What the Research Tells Us About Building Wealth
- Larry Faulkner

- 2 days ago
- 3 min read
In the late 1990s, two coworkers sat in the same break room every Friday afternoon. They
earned similar salaries. They had similar benefits. They even started investing at roughly
the same time.
One spent Fridays glued to financial news, convinced the next big insight would make him
rich. He traded often, adjusted strategies and reacted to headlines. The other employee
barely paid attention to her investments. She set up automatic contributions, invested in
broad market funds, and went back to living her life.
Twenty years later, their outcomes were vastly different. The first was still anxious about
money, still chasing certainty, still wondering why investing felt harder than it was supposed
to be. The second employee had quietly built wealth without ever feeling especially smart or
disciplined.
That difference wasn’t intelligence. It wasn’t income, as they made approximately the same
amounts. It wasn’t luck. It was based entirely upon their financial behaviors. Long-term
wealth is not built by perfect timing, secret knowledge, or heroic discipline.
It’s built by understanding how normal humans behave with money and designing systems
that quietly guide good decisions over time. That may not sound exciting, but it works.
Here are five research-backed insights that matter far more than any New Year’s resolution,
and how to use them without stress, obsession, or constant worry.
1. Early Financial Education Changes Lives, Even Without Higher Income
Long-term studies following teenagers into adulthood show a clear pattern: people exposed
to basic financial education early tend to do better financially decades later. They save
more, avoid high-interest debt, and invest more consistently. What’s surprising is the
why. The advantage isn’t higher income or superior intelligence—it’s behavior. They learned
how money works early enough that good habits felt normal, not forced. Saving, investing,
and avoiding bad debt weren’t self-control victories. They were how money was normally
handled.
Those early behaviors then had years, sometimes decades, to compound quietly in the
background. The takeaway is that time magnifies our habits. The earlier good habits form,
the less effort is required to reach our goals.

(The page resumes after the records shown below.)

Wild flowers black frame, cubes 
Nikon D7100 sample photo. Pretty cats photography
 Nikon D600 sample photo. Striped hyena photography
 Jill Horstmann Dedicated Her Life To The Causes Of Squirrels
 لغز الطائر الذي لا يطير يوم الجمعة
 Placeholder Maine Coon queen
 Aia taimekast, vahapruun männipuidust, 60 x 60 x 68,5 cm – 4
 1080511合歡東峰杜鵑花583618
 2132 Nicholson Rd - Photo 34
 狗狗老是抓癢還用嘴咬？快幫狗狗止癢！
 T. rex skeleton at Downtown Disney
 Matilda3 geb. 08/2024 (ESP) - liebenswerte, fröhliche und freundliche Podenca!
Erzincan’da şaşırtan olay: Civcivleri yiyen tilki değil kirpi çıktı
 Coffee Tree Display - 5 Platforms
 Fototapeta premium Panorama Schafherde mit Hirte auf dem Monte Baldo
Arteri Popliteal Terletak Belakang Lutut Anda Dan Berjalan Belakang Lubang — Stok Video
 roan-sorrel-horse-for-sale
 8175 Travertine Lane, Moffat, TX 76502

How to Use This Information:
Treat financial literacy as a lifelong skill
Respect time as your greatest advantage
Teach kids and grandkids money basics as early as possible
2. Automation Succeeds Where Willpower Fails
Behavioral research has consistently shown that humans display inconsistent behaviors
over longer time horizons. Life gets busy. Motivation fades. Even financially knowledgeable
people will delay important decisions.
Automation solves this problem: People who automate saving and investing contribute
more, stay invested longer, and display less panic during stock market downturns.
Automation removes repeated decisions and with them, the emotional noise that derails
good investing. Good financial systems quietly protect investors from themselves.
How to Use This Information:
Automate investing from your paycheck
Increase contributions gradually
Let systems work while you live your life
3. Confidence Peaks Right Before Costly Mistakes
Studies show investor confidence typically rises after strong markets. Unfortunately, that
confidence often leads to more trading, midstream strategy changes, and attempts to time
the market—all of which lower long-term returns. People don’t usually make bad decisions
because they lack information; they make them because they feel certain at exactly the
wrong moment.
How to Use This Information:
Be cautious when your confidence spikes
Avoid strategy changes after strong performance
Stick to plans built before emotions entered the picture
Remember: bull markets flatter everyone
4. Net Worth Tracking Beats Obsessive Budgeting
People who track net worth over time stay engaged in the wealth-building process longer
than those who obsess over budget details. Budgets feel restrictive, while net worth feels
like we are making real progress. Watching assets grow, even slowly, reinforces good
behavior and keeps people enthusiastic about the process.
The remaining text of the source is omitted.